**Problem details:**
With the line containing "Utz Original Chips / Cork Coaster" as the first line and the last line of the records as the final one, reproduce that range exactly.

**Supplied data:**
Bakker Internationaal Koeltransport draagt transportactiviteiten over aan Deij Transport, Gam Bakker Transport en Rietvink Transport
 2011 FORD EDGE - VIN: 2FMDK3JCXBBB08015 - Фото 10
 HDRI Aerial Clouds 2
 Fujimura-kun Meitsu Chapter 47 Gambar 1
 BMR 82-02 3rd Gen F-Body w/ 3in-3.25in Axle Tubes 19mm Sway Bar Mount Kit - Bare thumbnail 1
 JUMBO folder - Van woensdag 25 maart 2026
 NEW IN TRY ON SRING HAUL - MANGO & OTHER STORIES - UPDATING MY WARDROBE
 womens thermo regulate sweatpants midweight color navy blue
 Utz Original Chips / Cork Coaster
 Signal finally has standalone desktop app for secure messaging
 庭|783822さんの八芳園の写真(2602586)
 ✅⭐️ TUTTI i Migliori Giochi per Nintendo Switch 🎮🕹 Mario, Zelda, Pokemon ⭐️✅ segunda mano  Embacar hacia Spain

**Written answer:**
 Utz Original Chips / Cork Coaster
 Signal finally has standalone desktop app for secure messaging
 庭|783822さんの八芳園の写真(2602586)
 ✅⭐️ TUTTI i Migliori Giochi per Nintendo Switch 🎮🕹 Mario, Zelda, Pokemon ⭐️✅ segunda mano  Embacar hacia Spain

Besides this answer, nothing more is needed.